Note: This task is to adjust an API Connect Liberty collective that is already configured and running, so that extra collectives can be created.

The apic-liberty-collective uses a default collective name called defaultCollective. To create more collectives, you must assign a unique name to each.

Procedure

  1. Change to the collective directory by entering cd /root/.liberty/wlp/usr/servers/controller/resources/collective.
  2. Create a file called "collective.name", add to a string (for example, collective-<some-uniqueName>) and then save the file. The string "collective-<some-uniqueName>" replaces the default collective name, which is "defaultCollective". Be sure to replace "<some-uniqueName>" with an appropriate unique name for the given collective.
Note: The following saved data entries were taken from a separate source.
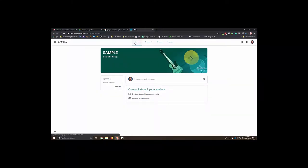Hey everybody, I want to share with you a quick way that you can use Google Classroom at the primary level. Here's just a sample classroom I created. If you need help setting up a classroom, let me know — I'll be sure to help you. I can even help you get all the students in there.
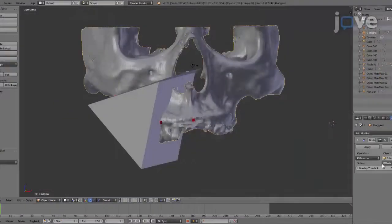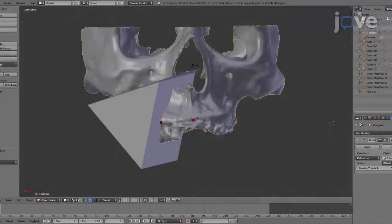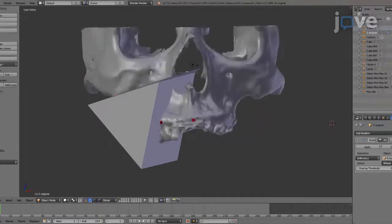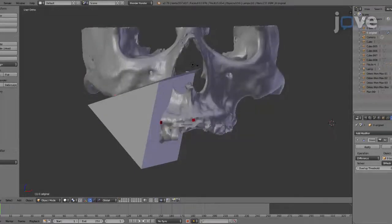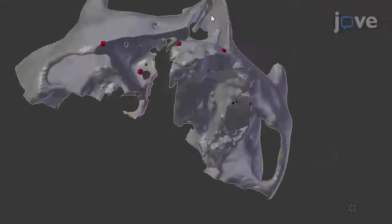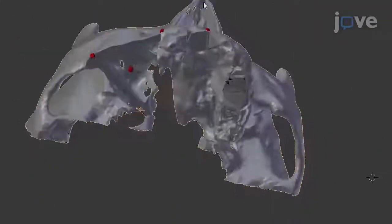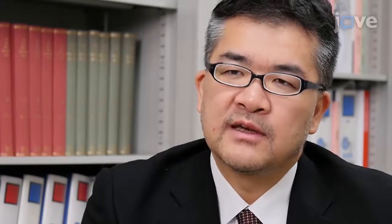Then use a Boolean modifier to subtract the resectable solid from the facial bone to generate a shaved facial bone for the maxillary defect model. Boolean modifiers sometimes fail. If this happens, don't panic and try again.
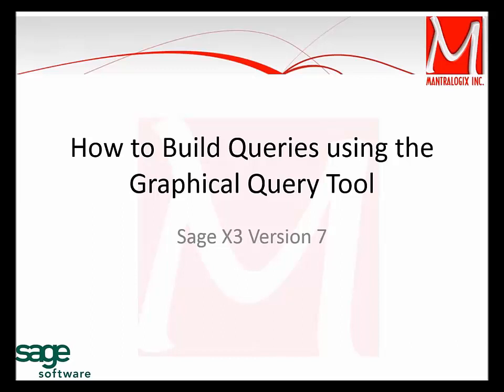Hi, this is Ram from Antrologix. This video will show how to build a query in Sage X3 version 7 using Graphical Query Tool.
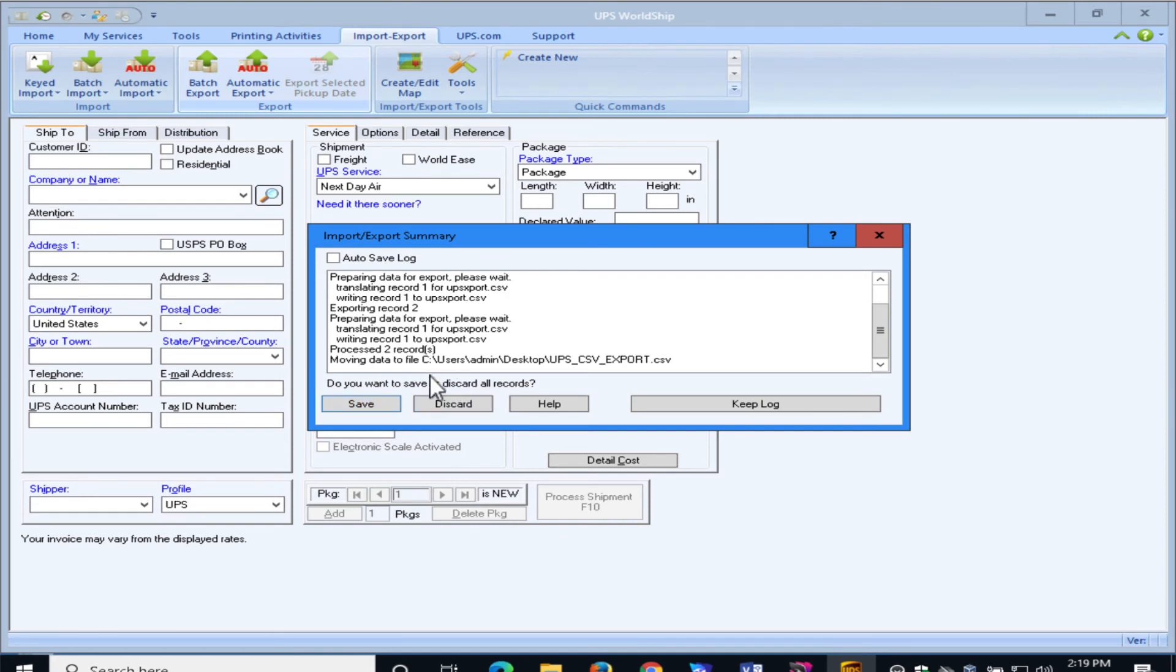And in this option, too, we'll select to save the records. Otherwise, it would delete the existing records that you have.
Create the file by entering echo "collective-<some-uniqueName>" > output; tr -d '\n' < output > collective.name
  3. Unregister the members.
  4. Restart the controller by entering wlpn-controller stop && wlpn-controller start.
  5. Register the members.
    Note: It takes several minutes before the members come into view.
  6. Restart the DataPower® On Demand Router (ODR).
    1. Go to the DataPower WebGUI under On Demand Router.
    2. Disable, and then Enable the On Demand Router to Apply the object during the restart.

What to do next

Accomplish the steps on one controller to validate it comes back online. When the odr-event log target is enabled, you see:
  • Before the change: '/cell/defaultCollective/node/<hostname>.......
  • After the change: '/cell/collective-<some_unique_name>/node/<hostname>......
When the first collective is updated and you validate it is running as expected, proceed to do the other collectives.